⟨

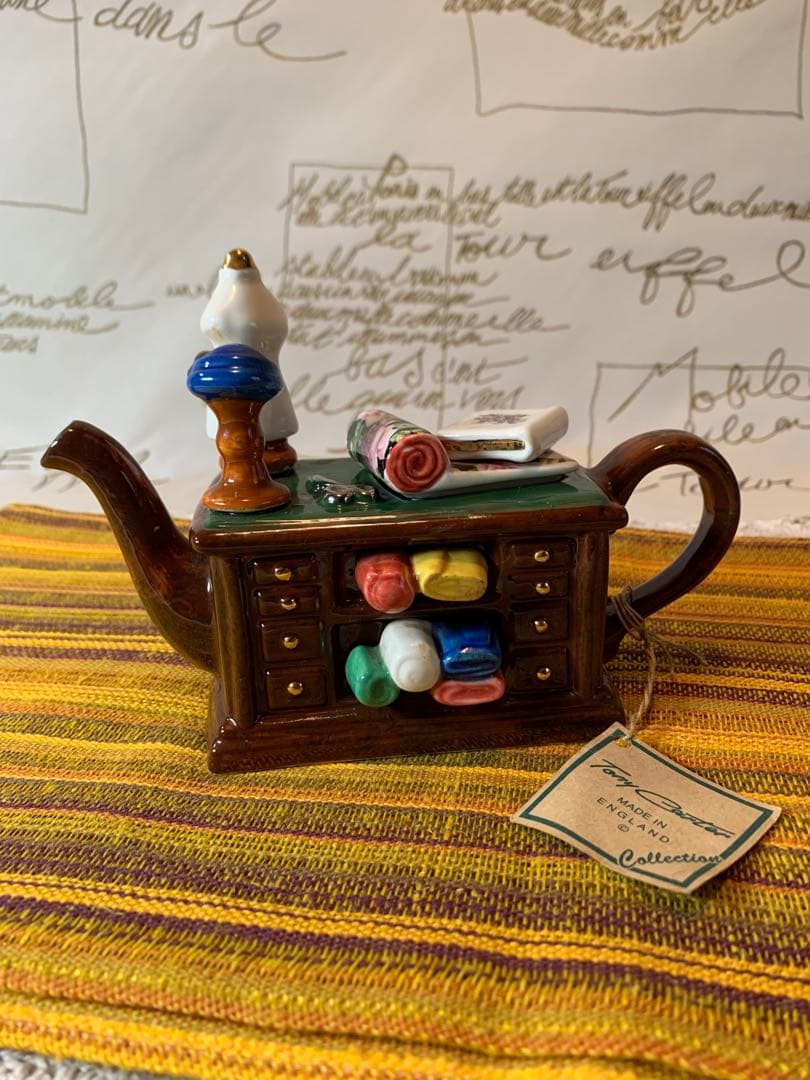 イギリス製　ビンテージのトニーカーターの可愛い服屋さんの手書きのポット！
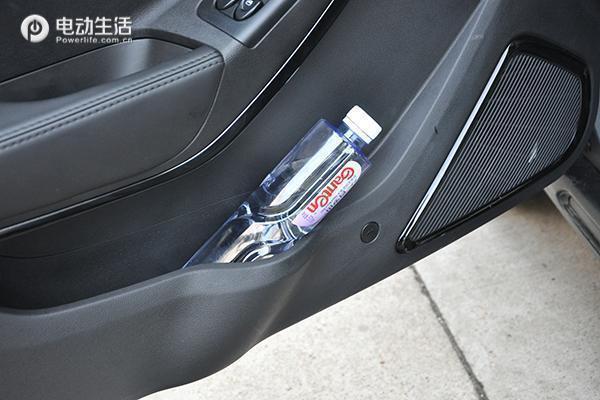 就像个大玩具 静态体验北汽新能源LITE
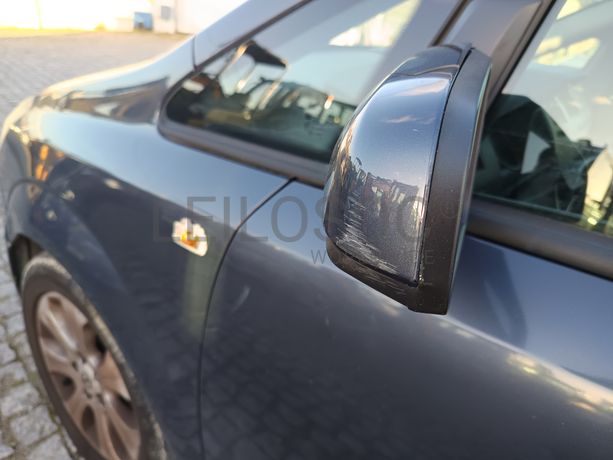 Opel Zafira · Ano 2009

⟩

- Work instructions -
Produce a verbatim copy of the listing, leaving out all pictures.

- Completed task -
 イギリス製　ビンテージのトニーカーターの可愛い服屋さんの手書きのポット！
 就像个大玩具 静态体验北汽新能源LITE
 Opel Zafira · Ano 2009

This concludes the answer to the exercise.